Il y a plus d’un an un drone israélien frappait un véhicule dans lequel se trouvait Ahmad El Ja’Abari, le commandant de l’aile militaire du Hamas, les brigades Izz El Din El Qassam. Cette attaque fût le prélude d’une opération militaire de plus grande ampleur des Forces de défense israélienne dans la bande de Gaza, intitulée « Pilier de Défense », en réponse aux tirs de roquettes palestiniens. A cette occasion, Israël renouait avec une tactique controversée qui a marqué sa lutte contre les attentats-suicides au cours de la Seconde Intifada. A bien des égards, Israël inaugurait à une échelle locale ce que les États-Unis allait exécuter à l’échelle globale.

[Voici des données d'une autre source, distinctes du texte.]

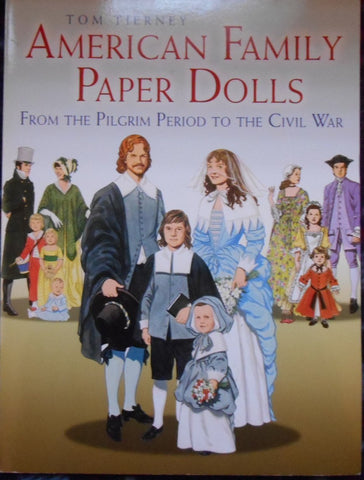 American Family Paper Dolls from the Pilgrim Period to the Civil War (From the Pilgrim Period to the Civil War) [Paperback] Tom Tierney - Wide World Maps & MORE!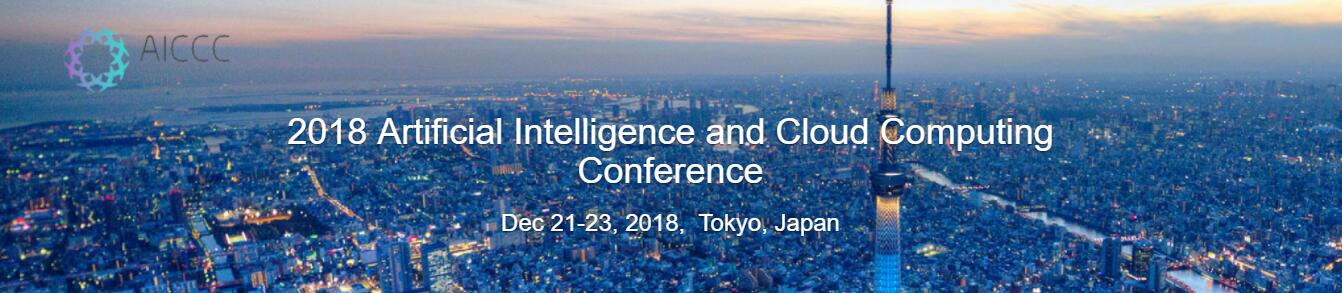 2018 Artificial Intelligence and Cloud Computing Conference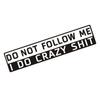 Funny Car Sticker Decal Do Not Follow Me Reflective Vinyl Waterproof Removable 14x3cm Size for Auto Bumper Motorcycle Window
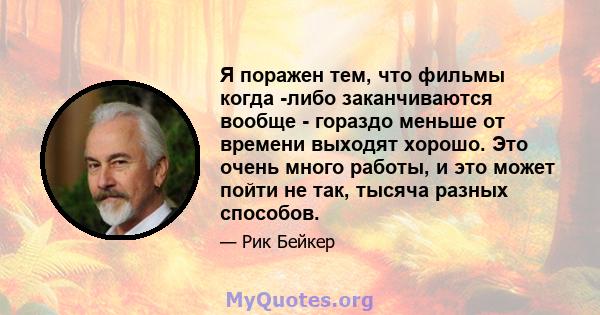 Я поражен тем, что фильмы когда -либо заканчиваются вообще - гораздо меньше от времени выходят хорошо. Это очень много работы, и это может пойти не так, тысяча разных способов.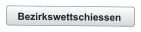Bezirkswettschiessen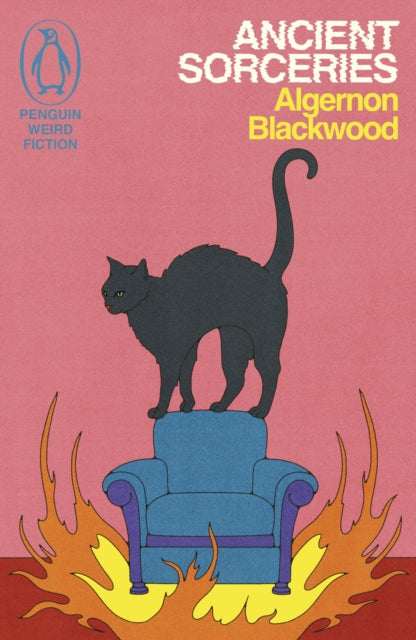 Ancient Sorceries: The Adventures of John Silence by Algernon Blackwood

Image de la frappe aérienne tuant Ahmad El Ja’Abari

Contrairement à ces derniers, le gouvernement israélien a rapidement rendu public sa politique d’assassinats ciblés. C’est à l’autonome 2000, qu’il décide d’exposer sa méthode pour endiguer la vague d’attentats-suicides palestiniens qu’il connaît, dans un contexte d’échec des négociations de paix. Il convient de rappeler qu’entre le début de la Seconde Intifada et juillet 2003, les attaques des groupes armés palestiniens ont fait près de 750 victimes israéliennes, civiles pour la plupart[1]. C’est le vice-directeur des services de sécurité intérieure, Yuval Diskin, qui émet la proposition de recourir aux assassinats ciblés pour mettre fin à ces attaques[2]. Il convient de noter que, contrairement à la pratique américaine, le drone n’est pas l’instrument privilégié par les Israéliens. Il est en quatrième position derrière le tir de roquette par hélicoptère et le tir de soldat par arme à feu au sol[3]. La proximité et la taille du théâtre des opérations expliquent ce « choix des armes ».